## Available data:
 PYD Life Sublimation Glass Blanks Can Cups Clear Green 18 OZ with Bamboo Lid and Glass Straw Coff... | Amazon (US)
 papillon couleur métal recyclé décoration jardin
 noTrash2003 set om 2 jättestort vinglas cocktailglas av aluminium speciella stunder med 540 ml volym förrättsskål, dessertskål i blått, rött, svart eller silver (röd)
--
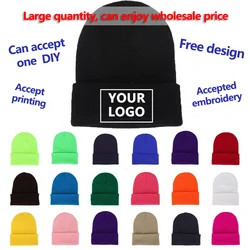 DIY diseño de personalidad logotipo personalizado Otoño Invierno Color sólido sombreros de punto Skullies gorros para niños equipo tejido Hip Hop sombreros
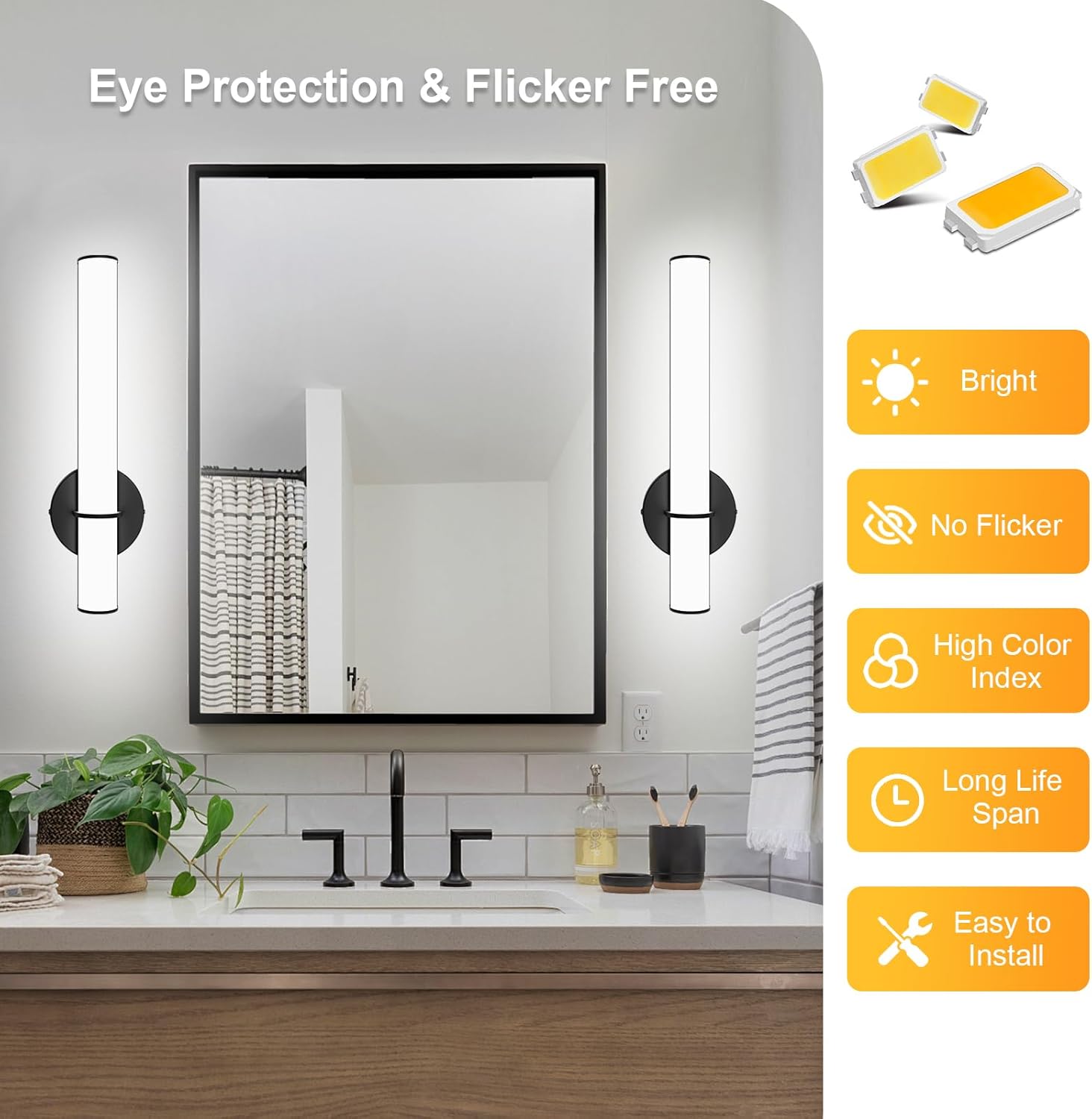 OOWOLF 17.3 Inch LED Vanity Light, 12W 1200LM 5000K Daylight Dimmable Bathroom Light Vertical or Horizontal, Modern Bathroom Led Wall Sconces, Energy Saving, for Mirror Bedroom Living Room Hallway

## What the task requires:
In the listing above, start at the line with "PYD Life Sublimation", go on through the line with "papillon couleur métal", and copy each of those lines exactly; leave out all the rest.

## Answer below:
 PYD Life Sublimation Glass Blanks Can Cups Clear Green 18 OZ with Bamboo Lid and Glass Straw Coff... | Amazon (US)
 papillon couleur métal recyclé décoration jardin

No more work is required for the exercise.